== Segment start ==

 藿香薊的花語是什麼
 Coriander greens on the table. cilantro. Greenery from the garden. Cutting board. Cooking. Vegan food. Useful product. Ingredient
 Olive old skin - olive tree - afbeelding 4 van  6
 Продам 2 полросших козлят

== Segment end ==
== Segment start ==

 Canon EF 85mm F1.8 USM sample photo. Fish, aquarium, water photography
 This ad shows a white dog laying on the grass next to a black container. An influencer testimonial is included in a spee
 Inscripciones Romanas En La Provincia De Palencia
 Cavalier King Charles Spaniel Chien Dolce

== Segment end ==

**WHAT NEEDS TO BE DONE:** Write out exactly the lines that fall from the line with "Canon EF 85mm" to the line with "Cavalier King Charles Spaniel Chien Dolce" in the records above, keeping both ends.

**ANSWER FOR THIS EXERCISE:**
 Canon EF 85mm F1.8 USM sample photo. Fish, aquarium, water photography
 This ad shows a white dog laying on the grass next to a black container. An influencer testimonial is included in a spee
 Inscripciones Romanas En La Provincia De Palencia
 Cavalier King Charles Spaniel Chien Dolce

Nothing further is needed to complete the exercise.